What the task requires >>
The full listing, copied exactly and free of pictures, is the expected reply.

Stored data >>
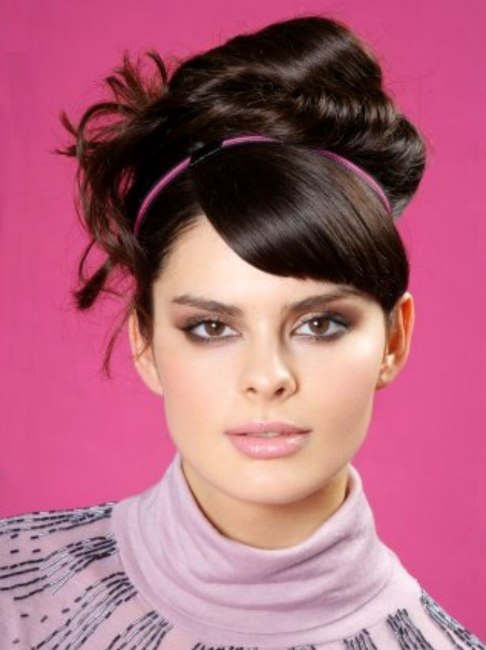 Long hair in a 60s style updo hairstyle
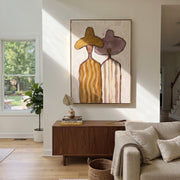 Ochre Hat Meets Mauve - pastel striped figure pair painting by Elliot Vale, modern figurative vertical wall art - styled room scene view 1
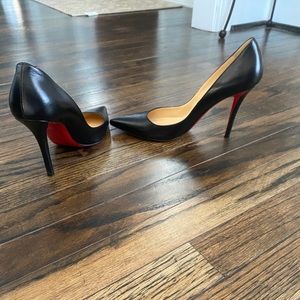 Christian Louboutin Black leather heels.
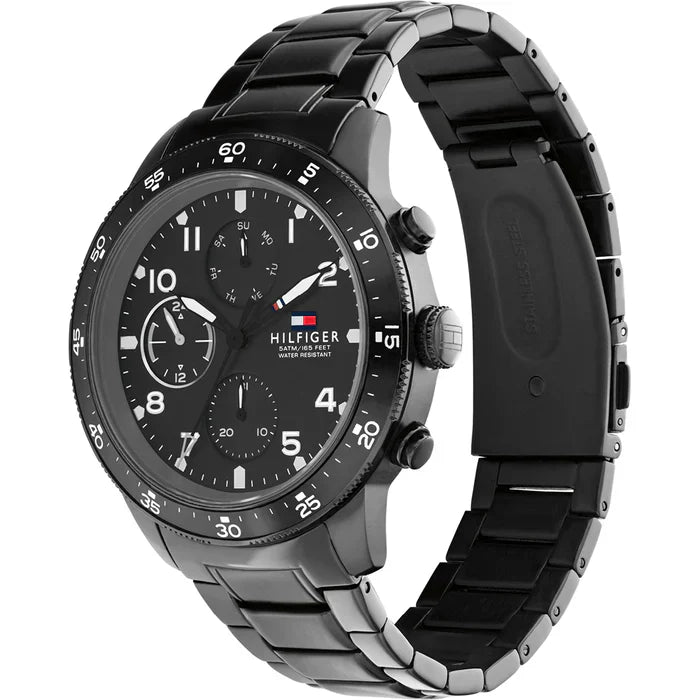 Tommy Hilfiger Jimmy watch at angle showing black chronograph dial and metal bracelet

Task output >>
 Long hair in a 60s style updo hairstyle
 Ochre Hat Meets Mauve - pastel striped figure pair painting by Elliot Vale, modern figurative vertical wall art - styled room scene view 1
 Christian Louboutin Black leather heels.
 Tommy Hilfiger Jimmy watch at angle showing black chronograph dial and metal bracelet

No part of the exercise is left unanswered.